A STRANGER in New-York desires a few lady correspondents whom he can call upon, and who would be pleased to accompany him to theatres, &c. Address ——, New-York University.
A YOUNG MAN of refined taste would like to meet with a good-looking lady (not above twenty) who is engaged during the day. Address, appointing interview, ——, No. 4, Mercury office.
A LADY would like to meet with a gentleman who would thoroughly appreciate her exclusive society. For particulars, address ——, Box 2, No. 688 Broadway.
“These are but fair specimens of columns of such advertisements which have for years appeared in the successive issues of The Mercury. The publishers put over them the head ‘Matrimonial,’ but the advertisers do not countenance that fraud. They use The Mercury and pay for it as though it were a house of infamous resort; and, if there be any moral difference between permitting this use and keeping a house of ill-fame, we cannot see it. We do not doubt that at least One Thousand foolish girls have been ruined through the instrumentality of these shameful advertisements. Must not that be a monstrous dispensation of justice which, while Rosenzweig is (most righteously) sent to State Prison, should send Cauldwell to the Senate? What do you think of it? Electors of Westchester, Putnam, and Rockland Counties! read the above advertisements carefully, and say whether you can aid the election of Cauldwell to the Senate without sharing his guilt? Do not pretend ignorance of his iniquities: for above is the evidence which no man can gainsay. There are more such in this week’s issue, as there have been in every issue of that sheet for years. Fathers, brothers, pure men of every degree! read those infamous advertisements carefully, and then judge if you can vote to send their publisher to the Senate!” This is all very well, and extremely virtuous, but in the high-class daily journal from which it is taken there are plenty of advertisements of a character anything but beyond reproach. We are far from wishing to uphold the character of the Mercury, which is no more and no less than a Pandarus among papers, but the axiom, “Physician, heal thyself,” will apply to the champion of outraged innocence just quoted.
An astonishingly elaborate way of bringing the “puff pars” of enterprising and liberal tradesmen under immediate notice is shown in a weekly, possessed of considerable notoriety, that is published in California. This paper, the San Francisco Newsletter, has several times with pleasing candour informed the world that its opinions and advocacy are within easy purchase. Which means that those who do not think its friendship worth buying had better beware of its animosity.

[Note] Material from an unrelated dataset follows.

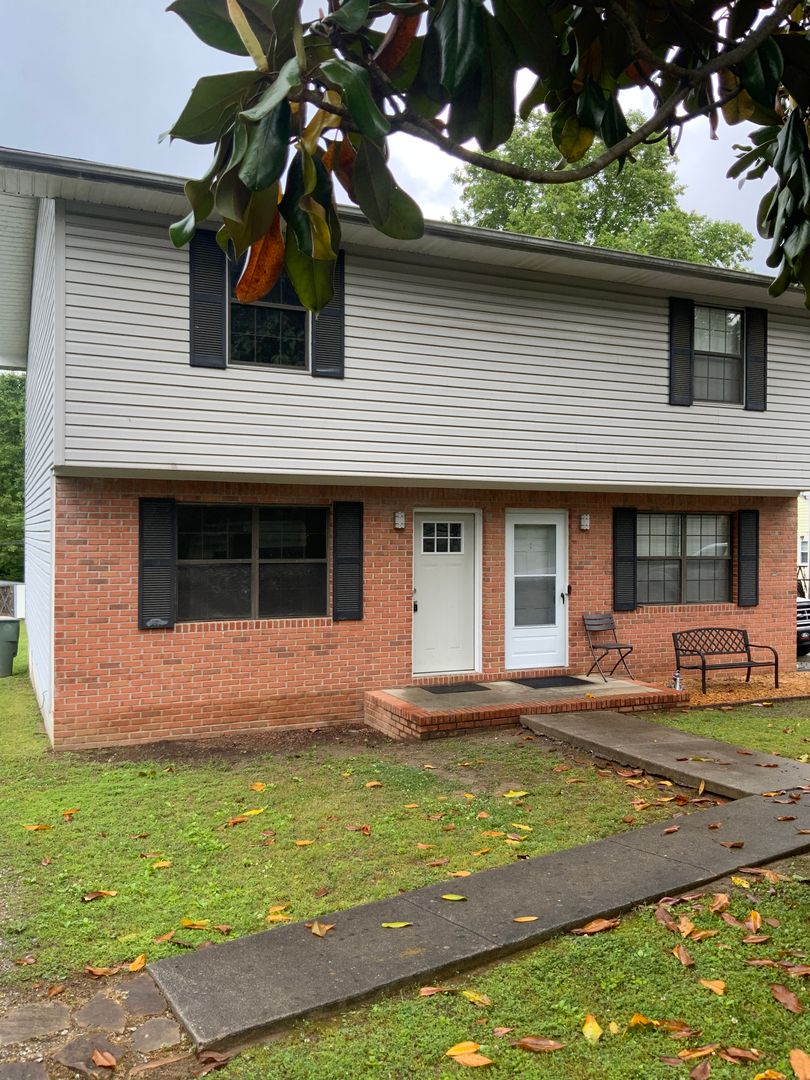 Chattanooga House: 5409 Jackson St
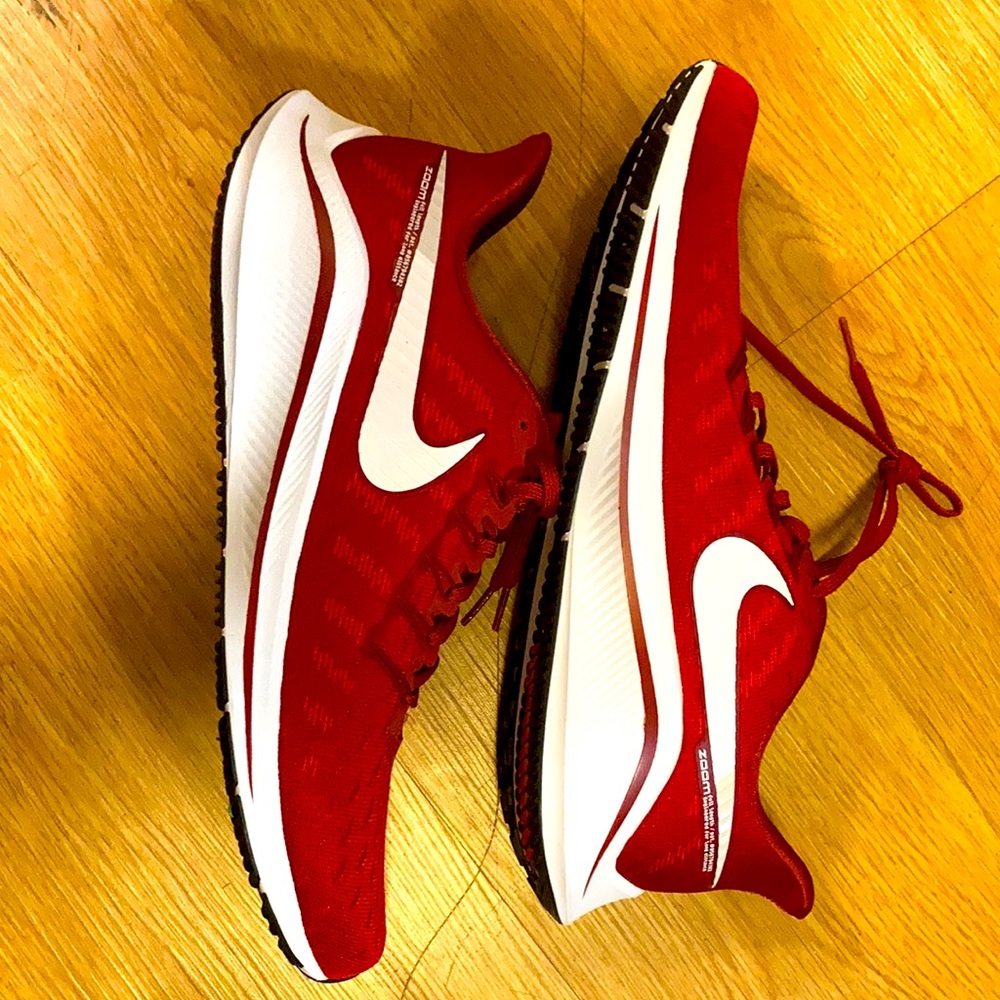 Red Nike Zoom Vomero 14 Running Shoes - brand new!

For those who doubt this we reproduce the following, which was probably placed on the front page of the Newsletter because the directors of the company referred to refused to patronise that organ of publicity, and which has now been running for some time:—
A PERMANENT PARAGRAPHIC ADVERTISEMENT.
[RESPECTFULLY DEDICATED TO THE SPRING VALLEY WATER WORKS.]
A miner’s inch of water is about twenty thousand gallons. The usual price for an inch of water in the mines is ten cents. The Spring Valley Company sells water in large quantities at seventy-five cents per thousand gallons, or at fifteen dollars seventy-five cents per inch—which is one hundred and fifty-seven times the price which miners pay. Furnished in small quantities to housekeepers, the Company charges from thirty to fifty dollars an inch—five hundred times the miners’ rates. Ignotus.